As for writing the patch, it will be a few weeks before I could
attempt one as we are in crunch mode, but I would love to contribute.

[Philippe Beaudoin]

You're more than welcome to! I don't have much time myself, but I think we should first go with a "inherit by default" and then we see if we should care about regression.

   Philippe

[Tim Peierls]

If someone does take this on, I'd like to plead for the default being not to inherit, because otherwise it could break existing test code.

At one point I had an abstract test superclass with a nested module M that installed some common things that some, not all, of the concrete test subclasses wanted installed.
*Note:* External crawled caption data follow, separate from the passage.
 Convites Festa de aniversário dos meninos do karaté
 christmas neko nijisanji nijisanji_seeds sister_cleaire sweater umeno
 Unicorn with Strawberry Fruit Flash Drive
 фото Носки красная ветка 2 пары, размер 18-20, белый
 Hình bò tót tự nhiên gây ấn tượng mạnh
Then each subclass could install M or not with one line. 

Installing M by default would silently add M's bindings once in the subclasses that didn't want them, and twice in the ones that did, which might or might not cause a provision time error. 
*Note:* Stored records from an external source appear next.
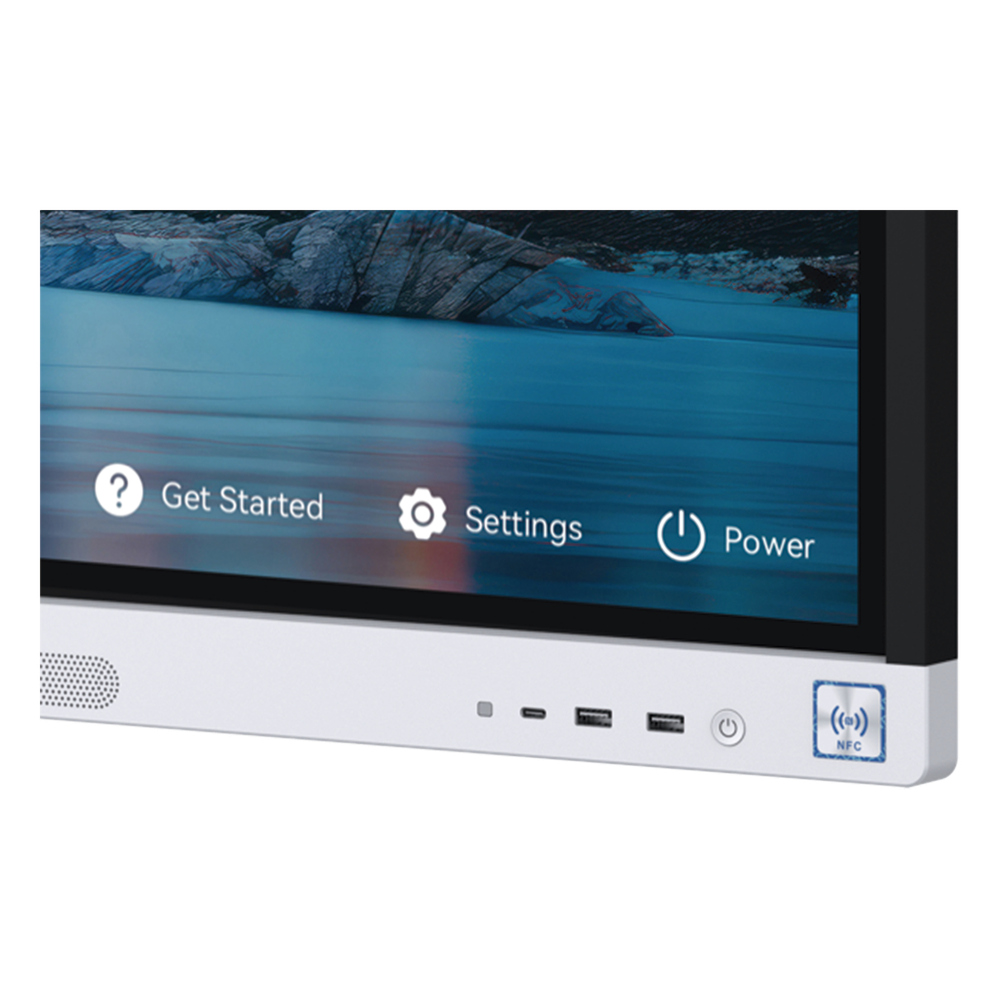 HUAWEI IdeaHub B3, Pantalla interactiva para Colaboración Inteligente, 86", 4K UHD, Harmony, Wi-Fi 6, Seguimiento de Voz, BYOM, Administración desde la Nube Gratis, blanco Jade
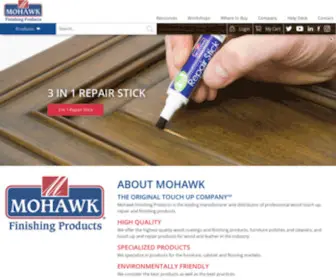 Mohawk-Finishing.com(Official Site of Mohawk Finishing Products) Screenshot
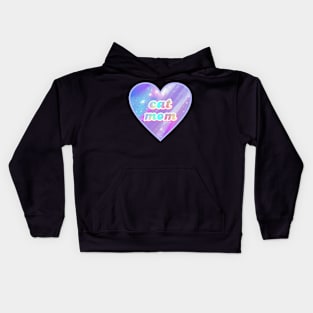 cat mom heart Kids Hoodie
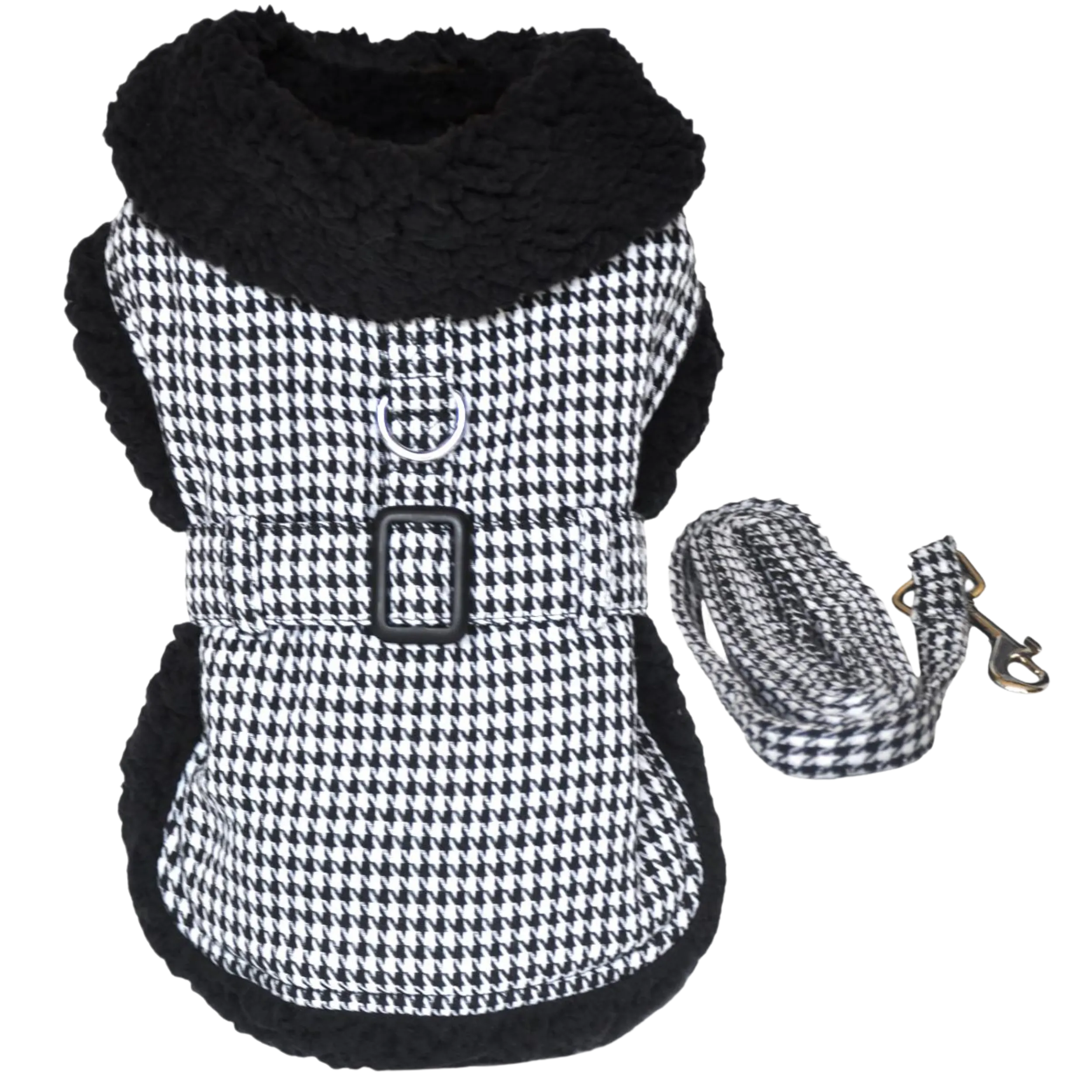 Designer Coat | Houndstooth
I don't have that structure now, but it's not too hard to imagine that someone might.

--tim

[Philippe Beaudoin]

I agree with you Tim. Although I also appreciate the need for a single-point-of-control in the parent class. Things we could strive to support:

1) A module defined in the current way in the parent is NOT automatically inherited in the children

2) Children have ways to "install all parent modules"

3) Parents have a way to say "children inherit this module by default"

4) Children have a way to say "I do not want to inherit that module"

5) Children have a way to install specific modules

I'm not advocating in favor of ALL of these. Moreover, some are already doable today (ie, (5) with a call to install()). The question is really, which are useful, which document the behavior better, which requires too much boilerplate, which is best done in other ways (i.e. by rearchitecturing the inheritance graph)...

Anyway, food for thought.

   Philippe

[scl]

I started to use Jukito in my current project and I really like it.
As a developer grown up with Java 1.4 I might be a little old fashioned but I strongly like the possibility to pull up common behavior in a super class. Not in order to hide details but to prevent the so dared copy-paste code.

Therefore I d'like to vote in favor of a solution of which includes the following:

1) A module defined in the current way in the parent is NOT automatically inherited in the children

3) Parents have a way to say "children inherit this module by default"

5) Children have a way to install specific modules

I oppose the following:

2) Children have ways to "install all parent modules"

  - Inheritance is an automatism extending a class is all should do in order to be able to use the modules defined in the super class.

4) Children have a way to say "I do not want to inherit that module"

  - If you have the case that you want to inherit only a subset of the modules defined in a super class then the super class has too many responsibilities. Its time to either split the class in two separate classes or pull up the more general modules in an even higher super class and then extend from this new class.
  - There is also no possibility to skip an @Before, @BeforeClass, @After, or @AfterClass defined in a super class.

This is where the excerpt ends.